Step 2 – Data Preparation phase

Step 3 – Exploration phase

Step 4 – Visualization phase

Step 5 – Feedback and fine-tune

Below section review the activities involved in each step:

Step 1 – Visualization Goals 

It is important to understand our goals and what the team is trying to achieve before jumping into any security visualization. Visualization should be goal driven and use case driven and not data driven. By thinking and documenting the goals security analysts start with the end objective in mind which is very important to capture the right data and use the right tools for visualization.

Step 2 – Data Preparation 

It starts with searching data and preparing the data for analysis. The next step is to explore the data with the right questions, then visualize the data to develop insights and act on it. The most important step before starting visualization is data cleansing or making the data available in a usable format. In real life, this is the biggest challenge since the data might be in an incompatible format; some parts may be missing or other similar challenges. This means a good amount of time has to be spent on data cleaning

Step 3 – Explore 

Asking the right question will lead to further exploration and visualization using statistical/probabilistic models/algorithms and lead to useful insights/decisions. The explore phase will look at some analytical activities that will enable security teams to ask the right questions and look at the data to see how security teams can achieve their goals.
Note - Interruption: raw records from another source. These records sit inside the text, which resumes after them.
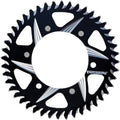 Cat5 Rear Sprocket 50T Black M98137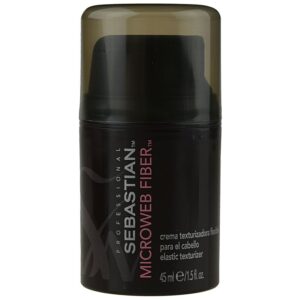 Sebastian Professional Microweb Fiber crema modelatoare pentru definire si modelare 45 ml-ro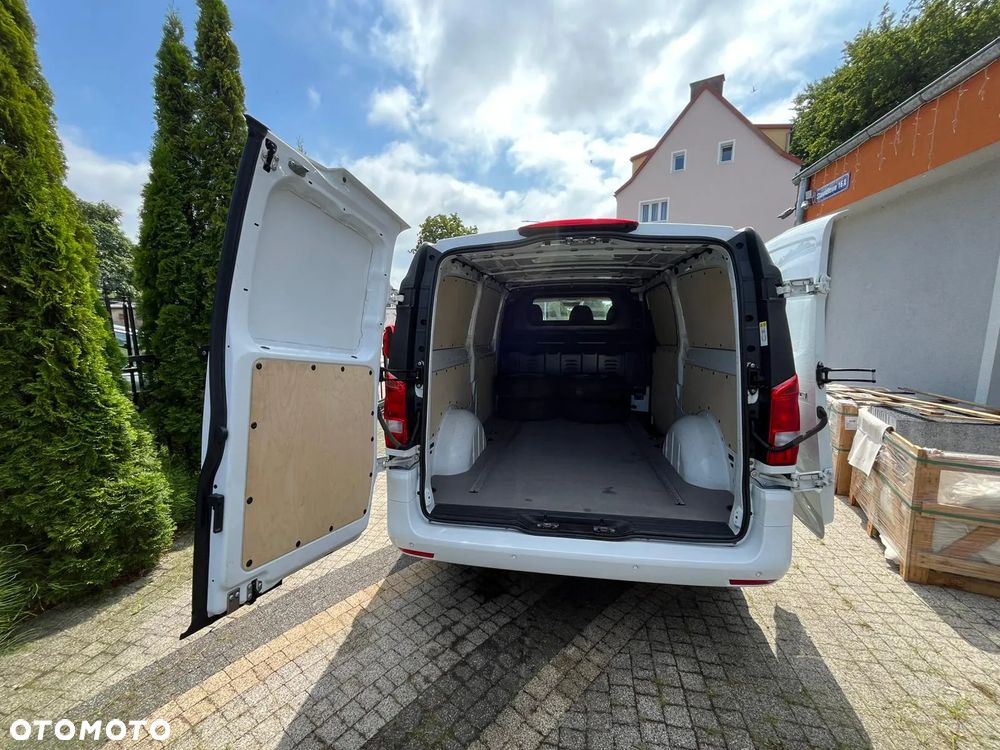 Mercedes-Benz Vito 116 - 13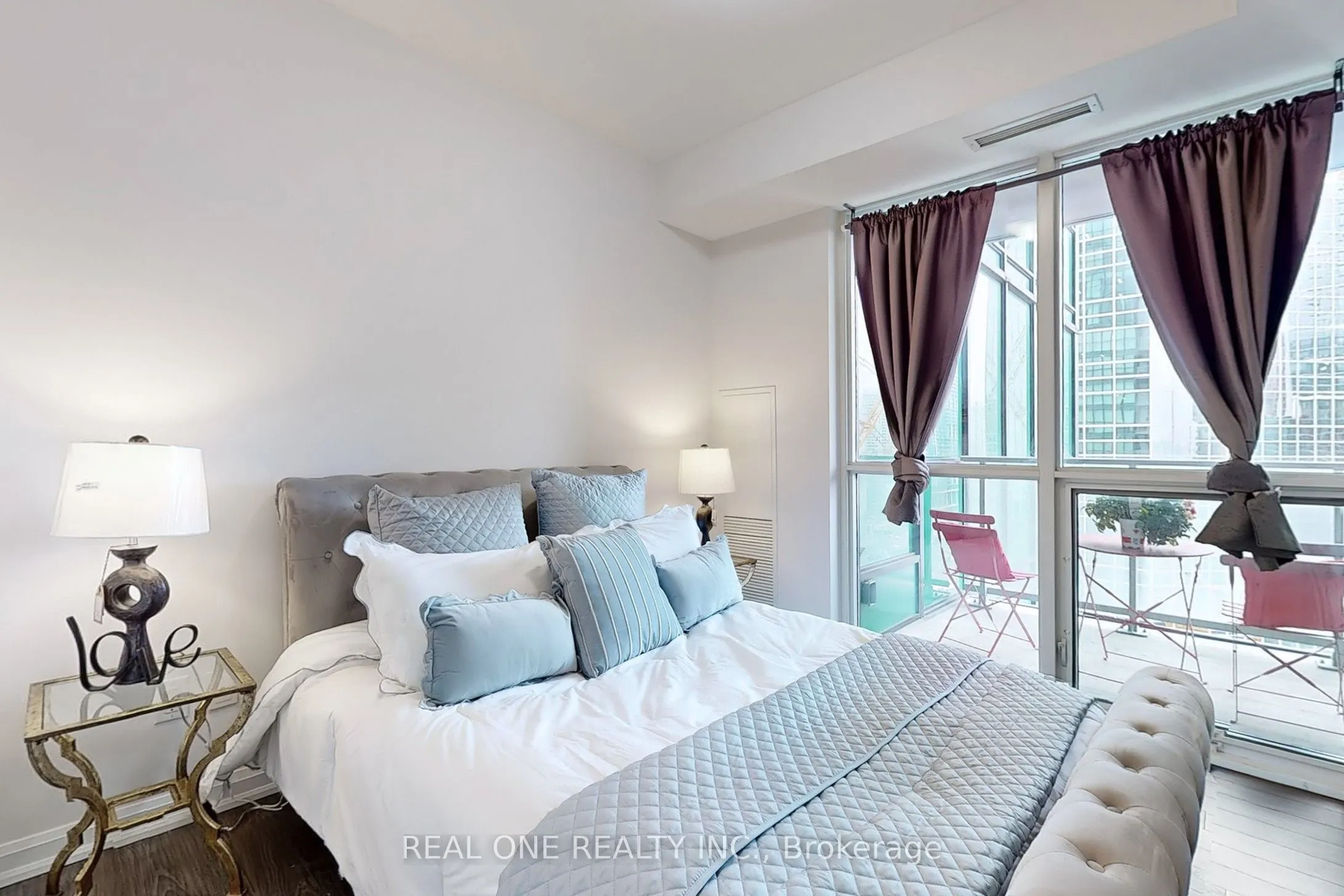 11 Bogert Avenue, #1508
1. “Retrieve Value – Given a set of specific cases, find attributes of those cases – o What is number of security incidents per day due to malware? o How long does it take to resolve a security incident?

2. Filter – Given some concrete conditions on attribute values, find data cases satisfying those conditions. o Which types of security incidents did not meet the Service Level Agreement defined?

3. Compute Derived Value – Given a set of data cases, compute an aggregate numeric representation of those data cases. o What is the average time taken to resolve security incidents?

4. Find Extremum – Find data cases possessing an extreme value of an attribute over its range within the data set. o What is the office location which most security incidents?

5. Sort – Given a set of data cases, rank them according to some ordinal metric. o Order the security incidents by severity and impact.

6. Determine Range – Given a set of data cases and an attribute of interest, find the span of values within the set. o What is the time taken during various phases in the Cyber Kill chain during incident response?

7. Characterize Distribution – Given a set of data cases and a quantitative attribute of interest, characterize the distribution of that attribute’s values over the set. o What is the distribution of phishing/malware/insider threat incidents?

8. Find Anomalies – Identify any anomalies within a given set of data cases with respect to a given relationship or expectation, e.g. statistical outliers. o Are there any outliers in type of incidents?

9. Cluster – Given a set of data cases, find clusters of similar attribute values. o Are there groups of incidents w/ similar TTPs? o Is there a cluster of incidents which take long times to resolve?

10. Correlate – Given a set of data cases and two attributes, determine useful relationships between the values of those attributes. o Is there a trend of increasing time to resolve security incidents?”

It is important to understand and use these tasks in different visualization techniques and allows security analyst to think through all the possibilities for coming up with right question and the results the organization is looking for. These analytical tasks/activities form foundation in understanding the statistical possibilities which can be used to explore the data.

Step 4 – Visualize 

There are two aspects to visualization theory, one is the aesthetics. There is literature around how to use color, hue, thickness and other aspects to make visually pleasing images to intended audience.

Step 5 – Feedback and fine-tune

This step involves continuous improvement with feedback from the stakeholders and availability of new data.